→ Data to examine:

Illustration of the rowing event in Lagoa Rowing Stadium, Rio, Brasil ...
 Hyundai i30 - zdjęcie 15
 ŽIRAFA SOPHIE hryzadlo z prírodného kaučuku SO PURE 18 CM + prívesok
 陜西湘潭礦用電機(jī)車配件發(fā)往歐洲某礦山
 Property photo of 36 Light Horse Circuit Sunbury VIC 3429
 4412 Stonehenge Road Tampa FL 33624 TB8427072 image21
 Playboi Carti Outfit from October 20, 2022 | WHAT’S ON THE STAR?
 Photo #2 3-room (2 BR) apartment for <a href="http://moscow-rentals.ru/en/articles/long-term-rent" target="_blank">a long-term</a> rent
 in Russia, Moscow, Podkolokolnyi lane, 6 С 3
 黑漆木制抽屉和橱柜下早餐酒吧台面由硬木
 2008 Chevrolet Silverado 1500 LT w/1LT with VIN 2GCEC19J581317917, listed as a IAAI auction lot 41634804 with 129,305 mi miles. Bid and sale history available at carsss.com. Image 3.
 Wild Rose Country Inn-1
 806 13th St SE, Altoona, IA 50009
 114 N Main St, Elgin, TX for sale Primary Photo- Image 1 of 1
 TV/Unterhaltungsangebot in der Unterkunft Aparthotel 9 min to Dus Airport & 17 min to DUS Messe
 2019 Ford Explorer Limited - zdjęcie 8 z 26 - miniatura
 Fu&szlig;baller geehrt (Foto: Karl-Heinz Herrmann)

→ Task goal:
Anywhere the listing shows the word "sale", copy the full line.

→ Response to this task:
 2008 Chevrolet Silverado 1500 LT w/1LT with VIN 2GCEC19J581317917, listed as a IAAI auction lot 41634804 with 129,305 mi miles. Bid and sale history available at carsss.com. Image 3.
 114 N Main St, Elgin, TX for sale Primary Photo- Image 1 of 1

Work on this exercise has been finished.